FERRISBURGH — After months of talks, Ferrisburgh selectmen and a corporation with a Montpelier mailing address have struck a deal for the sale of the town’s 34.9-acre parcel at the junction of Routes 7 and 22A.
The purchase-and-sale contract between Ferrisburgh and Eastern Development Corp., signed Aug. 1, is for the full price for which the property was listed in September 2010, $375,000, and the buyer paid a $15,000 deposit to take the land off the market.
The deal, which was reached in talks between Eastern Development and selectmen that began in the spring, does have major contingencies that are not unusual for the purchase of commercial property.
To start with, Eastern Development has 45 days to conduct a feasibility study for its plans for the property; the contract states “If Purchaser determines that development possibilities for the Property are not feasible,” Eastern Development can walk away from the deal and get its deposit back.

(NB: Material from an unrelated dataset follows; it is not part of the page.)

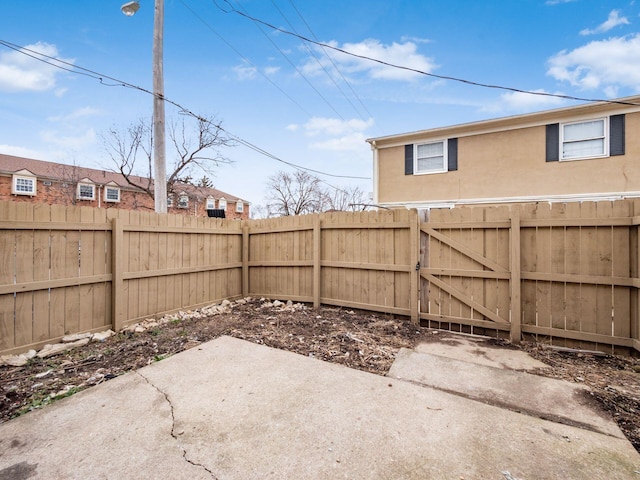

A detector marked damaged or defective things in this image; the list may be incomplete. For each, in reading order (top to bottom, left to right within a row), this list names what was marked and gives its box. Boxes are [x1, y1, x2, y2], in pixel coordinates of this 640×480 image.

cracked concrete slab [1, 334, 640, 480]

Selectboard chairwoman Loretta Lawrence said the company has not disclosed the exact nature of its plans, but she is optimistic based on discussions with Eastern Development officer and legal representative Frank von Turkovich that the town and neighboring Vergennes will be happy.
Those discussions have included passing along feedback from former stakeholders and Vergennes about what might be acceptable on the land, Lawrence said.
“We’re extremely excited,” she said. “I think he sees potential there for our town and neighboring towns. It’s going to work for everyone. We just don’t know what that is right now.”
Von Turkovich on Thursday said Eastern Development wasn’t yet ready to discuss its plans, but was optimistic the outcome would be acceptable and workable.
“I’m hopeful this will turn out to be something that is feasible,” von Turkovich said.
If that contingency is met, Eastern Development has another two months to market the plan. If during that period the company determines the plan is not marketable, it may back out of the deal.
Assuming the company proceeds after those 60 days, it then must apply for permits within 30 days. The final sale is contingent on Eastern Development obtaining permits and financing for its project, and on the land passing environmental and engineering muster.
Lawrence said selectmen are optimistic about the contingencies.
“We’re very hopeful for the developer,” she said.
Even if for some reason the deal falls through, Lawrence said selectmen are encouraged that within six months of listing the land a buyer emerged who eventually made a full-price offer.
“The location is a prime location,” she said. “I think it’s very marketable.”
The land boasts an open site with permitted wastewater capacity, level topography, high traffic volume, easy access to rail transportation, and frontage on two of the state’s busiest highways. It is zoned industrial, with retail uses conditionally permitted.
But of the land’s 34.9 acres, 23.3 acres are subject to conservation easements that allow only agricultural uses; some of that land is also wet. On the remaining 9.7 acres, other easements restrict its building envelope to 4.5 acres.
And, although Ferrisburgh selectmen have a legal opinion that the town is not bound by a 1999 Memorandum of Understanding signed by two trusts, the former land owner and the Agency of Transportation, selectmen have said they want to honor its intent, which limits uses on the land.
That memorandum — part of a deal in which landowner Bill Pollender traded the parcel for property in Richford and in which the Agency of Transportation’s adjacent park-and-ride lot and the conservation easements were created — states, “No retail development will be allowed (other than a small retail area in, and related to, the manufacturing facility).”
When the land was listed with Burlington’s Pomerleau Real Estate, Lawrence said selectmen have no interest in certain uses, like big-box retail or a Stewart’s convenience store proposed for the site that generated controversy in the 1990s.
Selectmen hope to use sale proceeds to complete a $150,000 purchase of a home and 2 acres next to the duplicate Grange Hall that now serves as Ferrisburgh town offices and a community center. Under terms of that sale, former owners Donald and Patience Sisters are remaining in the home indefinitely. They are paying rent that starts at $500 a month for five years.
The mortgage for the property is costing a little less than $10,000 a year, officials said, and the town is paying a small amount for exterior maintenance. The Sisters’ rent is covering $6,000 of those annual costs until the parcel that is now under contract is sold.